◆ **Data shown**:
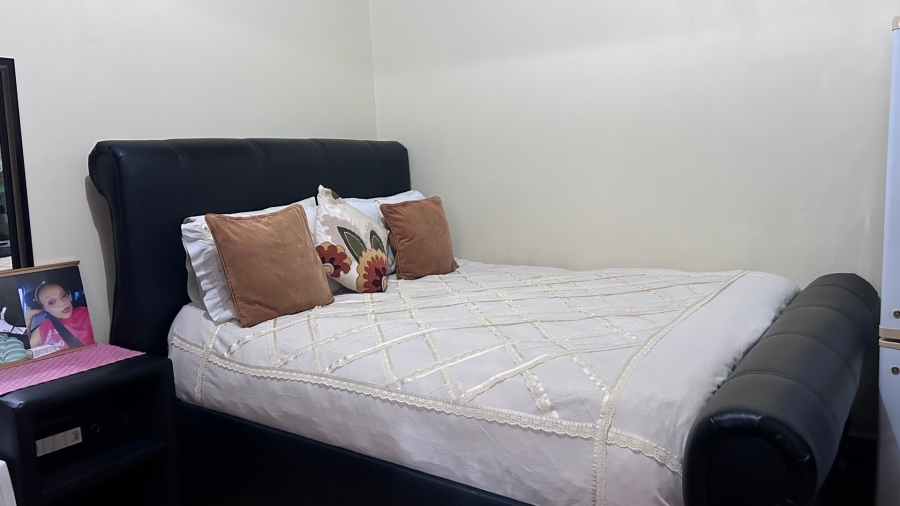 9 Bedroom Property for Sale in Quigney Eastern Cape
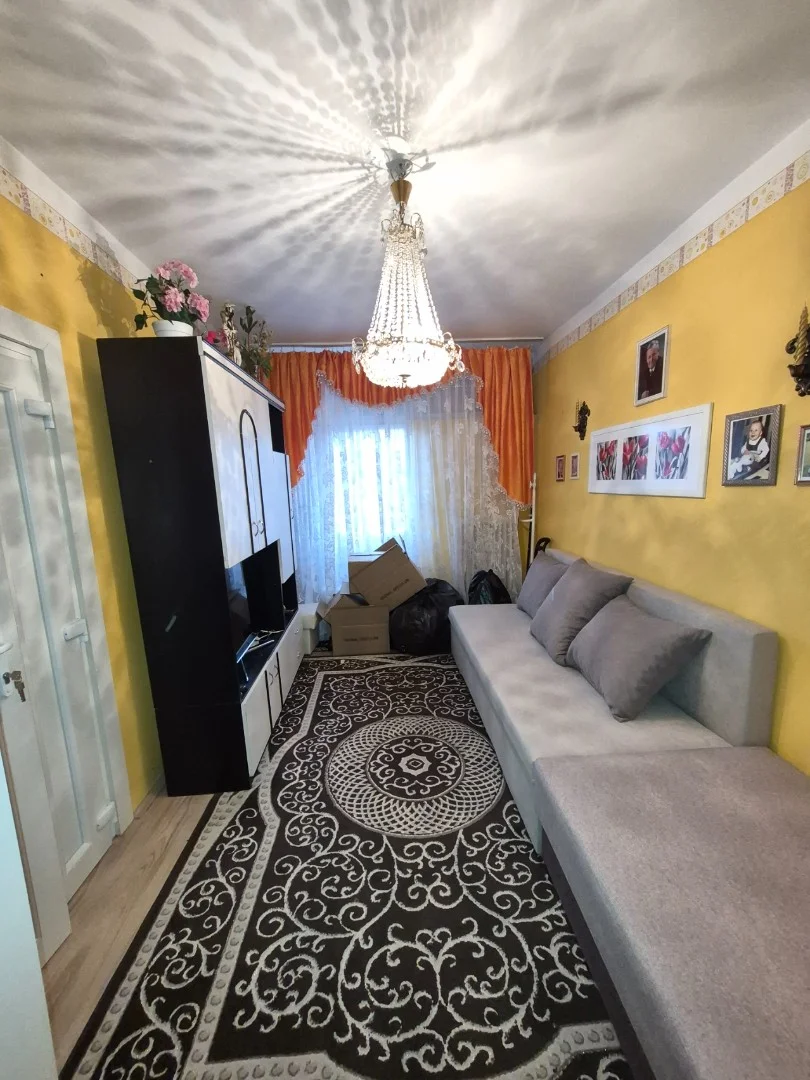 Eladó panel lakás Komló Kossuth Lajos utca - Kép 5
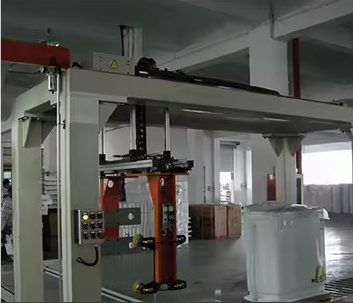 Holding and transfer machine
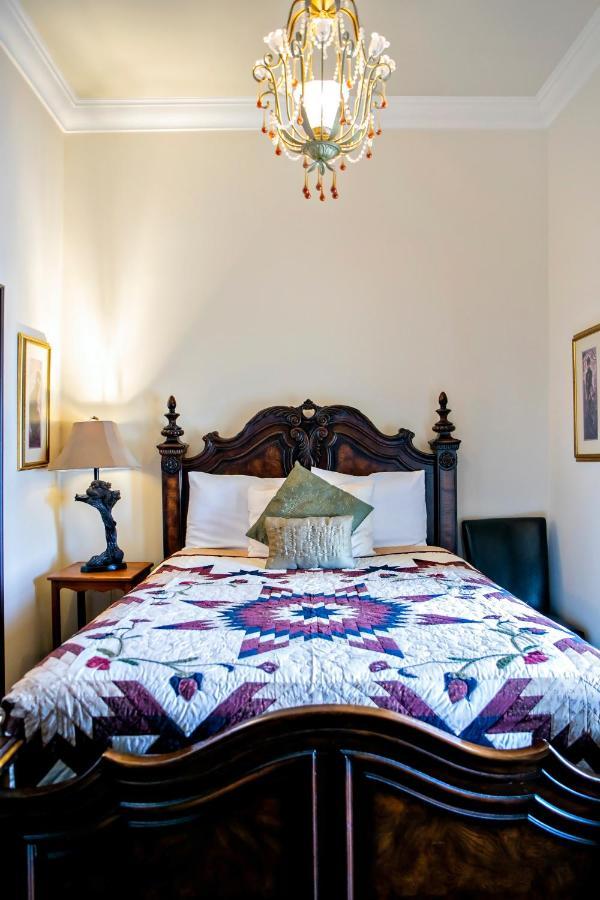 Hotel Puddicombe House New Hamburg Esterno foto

◆ **Assigned task**:
Please reproduce the data above word for word, skipping all images.

◆ **Response to the task**:
 9 Bedroom Property for Sale in Quigney Eastern Cape
 Eladó panel lakás Komló Kossuth Lajos utca - Kép 5
 Holding and transfer machine
 Hotel Puddicombe House New Hamburg Esterno foto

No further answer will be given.